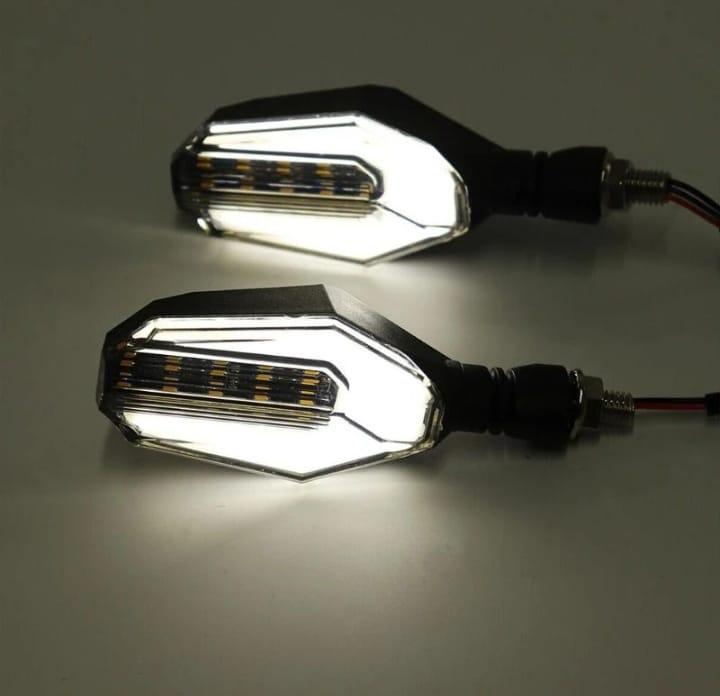 LED Motorcycle Indicators Yellow White Blue ABS Durability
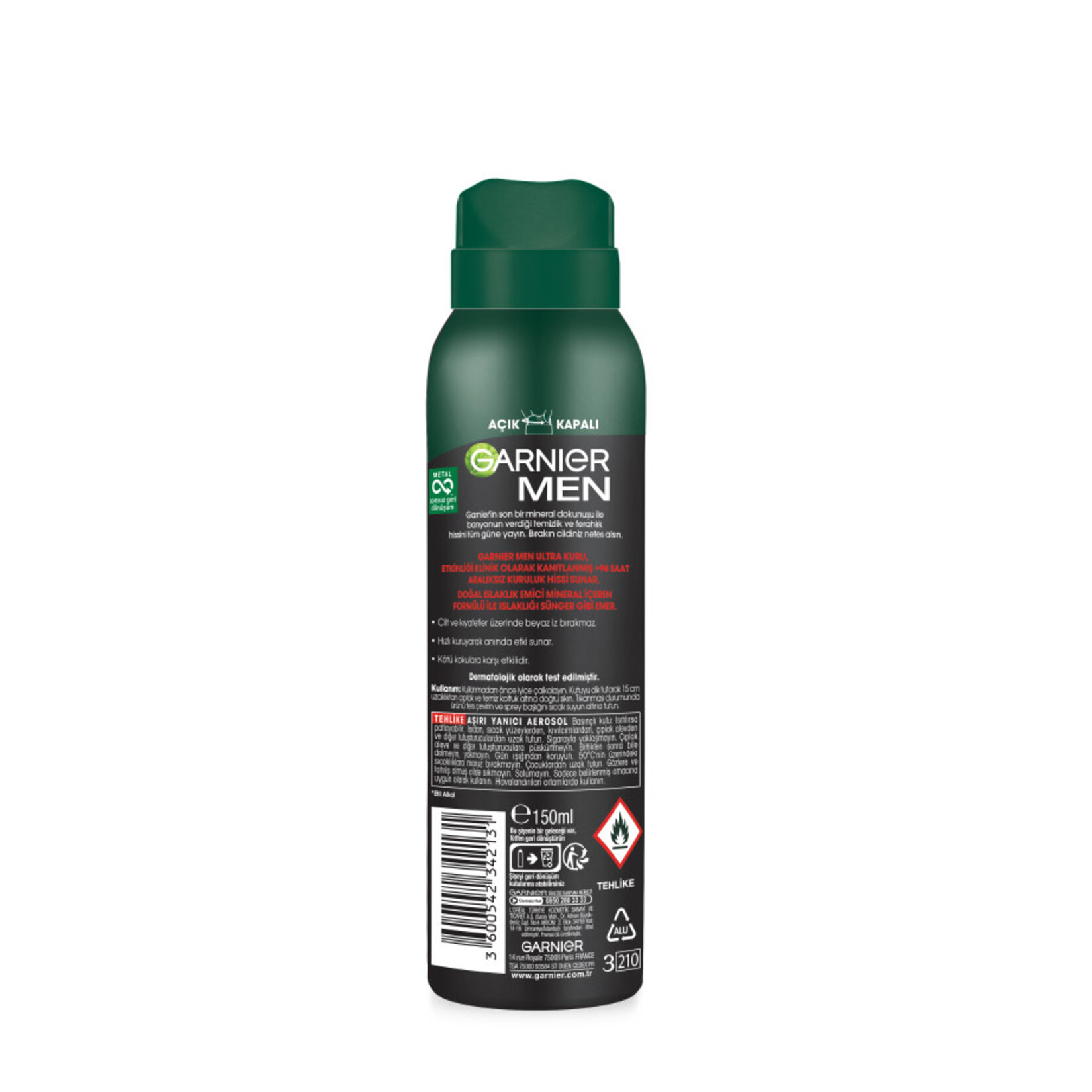 Garnier Men Ultra Kuru Spray Deodorant - Görsel 2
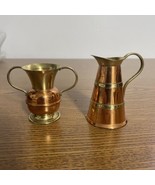 Vintage Miniature Copper And Brass Pitcher And Jug Made In Holland - $16.65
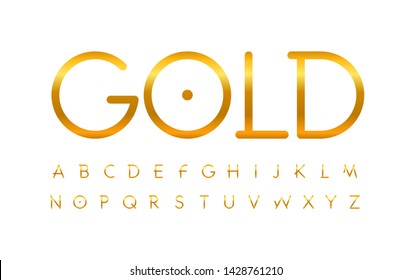 Unusual Elegant Thin Line Golden Letters Stock Vector (Royalty Free ...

▶ [AIM OF THE TASK]: Copy each line above exactly. Images do not belong in the copy.

▶ [RESPONSE FOR THIS EXERCISE]:
 LED Motorcycle Indicators Yellow White Blue ABS Durability
 Garnier Men Ultra Kuru Spray Deodorant - Görsel 2
 Vintage Miniature Copper And Brass Pitcher And Jug Made In Holland - $16.65
 Unusual Elegant Thin Line Golden Letters Stock Vector (Royalty Free ...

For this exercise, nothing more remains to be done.